Since 2020, we have become increasingly reliant on zoom and online documents. This causes our drives to be quickly crowded, and many of us can relate to this. Thus, we decided to write a program that could automatically sort our documents fast, efficient, and effective.
What it does
We used the unsupervised machine learning method of K-Means clustering to classify the text contents of documents and sort them into folders representing their respective topics.
How we built it
Our project was built using python. We needed to learn the google drive and authentication APIs in order to read documents and sort them. Then, we used scikit-learn's k-means clustering algorithm to group and organize documents.
Challenges we ran into
We encountered a number of problems, including figuring out how to properly log into Google Drive, how to loop through all the files in google drive, and how to move the files. We were all new to the Google Drive API, so it was a great learning experience to figure out the basics of creating folders, reading files, and moving files.

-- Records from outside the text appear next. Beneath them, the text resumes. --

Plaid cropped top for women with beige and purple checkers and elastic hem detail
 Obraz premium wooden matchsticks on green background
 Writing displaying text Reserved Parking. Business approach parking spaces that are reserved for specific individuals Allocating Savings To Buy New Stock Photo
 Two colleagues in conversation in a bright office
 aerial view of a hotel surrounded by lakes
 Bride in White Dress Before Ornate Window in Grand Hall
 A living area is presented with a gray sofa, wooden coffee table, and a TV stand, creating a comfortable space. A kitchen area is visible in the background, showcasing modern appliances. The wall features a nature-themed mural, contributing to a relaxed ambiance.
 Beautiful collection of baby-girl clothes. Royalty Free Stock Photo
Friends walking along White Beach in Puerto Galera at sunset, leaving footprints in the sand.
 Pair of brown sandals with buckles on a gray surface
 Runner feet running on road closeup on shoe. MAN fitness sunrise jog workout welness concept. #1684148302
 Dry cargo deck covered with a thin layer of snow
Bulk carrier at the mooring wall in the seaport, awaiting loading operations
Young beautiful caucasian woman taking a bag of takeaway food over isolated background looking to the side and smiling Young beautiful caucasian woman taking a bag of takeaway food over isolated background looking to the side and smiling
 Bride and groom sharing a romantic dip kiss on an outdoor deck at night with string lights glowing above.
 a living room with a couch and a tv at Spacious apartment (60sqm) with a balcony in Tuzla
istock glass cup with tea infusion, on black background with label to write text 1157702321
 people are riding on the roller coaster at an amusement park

Accomplishments that we're proud of
We're proud of how well the K-means clustering works, and the fact that we got everything working related to Google Drive. We're also very proud of the logo and the puns we can make along with the name. We really wanted to drive home the puns.
What we learned
We learned how to use the Google Drive API in Python. We acquired valuable knowledge about AI and found that picking the right type of model makes a huge difference. Most importantly, we learned that if we kept trying through seemingly impossible challenges, we found solutions more often than not.
What's next for DriveThru
We think we can do more than just sort these files into unordered groups. After this, we can make it better by analyzing the content of the folders and giving suggested names for them. We could also make a webapp or chrome extension that allows you to select certain files or certain folders to perform the clustering on, instead of the whole Google Drive at once.